Speaking at the re-launch of GIRSAL on the theme “Re-launch of the GIRSAL Scheme and the Launch of an Agribusiness Public-Private Partnership Platform” Dr. Kofi Mensah said customers in the agricultural value chain had been constrained in their access to credit because of absence of collateral, credit history, and reliable financial accounts which would help financial institutions to better appraise their creditworthiness.
According to him, the impact of GIRSAL had been monumental in these few years of operation and had eased the constraints and bottlenecks associated with giving loans to customers in the sector by absorbing part of the default risk of commercial banks.
“GIRSAL has provided commercial banks with appreciable level of comfort to stimulate them to increase credit supply to the credit-constrained players in the agricultural sector. “We at ADB are happy to note that the start of operations of GIRSAL has stimulated competition in agricultural lending in Ghana. While the Agricultural Development Bank remains the main player in agricultural lending, we have in the last few years observed interest shown by other commercial Banks in lending to the sector.” He said.
Dr. Mensah was hopeful the renewed enthusiasm in some commercial banks to lend to the agricultural sector, hitherto considered rsky was underpinned by the risk sharing activities of GIRSAL which had enabled the Commercial Banks to expand their risk appetite for agricultural and agro allied projects.

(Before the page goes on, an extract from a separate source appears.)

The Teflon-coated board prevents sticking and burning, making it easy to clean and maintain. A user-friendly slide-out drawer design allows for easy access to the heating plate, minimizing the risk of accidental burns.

He added that one major additional functionality of GIRSAL which would help the agricultural sector was their probably ability to negotiate better lending conditions such as lower interest rates, longer loan terms, and less burdensome collateral requirements. “They have always argued that once their interventions reduce the risk of lending, it is important for customers to benefit from the reduced risk profiles”, he said.
He was hopeful that the operations of GIRSAL would be financially sustainable in the long run to unable them play their role in the agricultural lending space
He urged players in the agricultural value chain especially Customers who were the ultimate beneficiaries of credit risk guarantees provided by GIRSAL not to renege on their loan repayment obligations in order not to actualize the biggest fear associated with such credit risk guarantee schemes.
Dr Mensah also urged commercial banks not to let the credit risk guarantee by GIRSAL affect effective appraisal, monitoring and recovery of loans and more importantly not to view GIRSAL’s credit risk guarantee as an absolute substitute for collateral.
He indicated the preparedness of ADB and other partner financial institutions to work with GIRSAL to consolidate gains made even as they prioritized selected agricultural value chains to achieve import substitution and export objectives.
From their start of operations in July 2019 to June 24, 2022, GIRSAL has provided Credit Risk Guarantees totaling about GHS301.30 million covering loans totaling GHS629.60 million granted by Ghanaian Commercial Banks to players in the agricultural value chain and the Agricultural Development Bank PLC remains the single largest partner financial institution.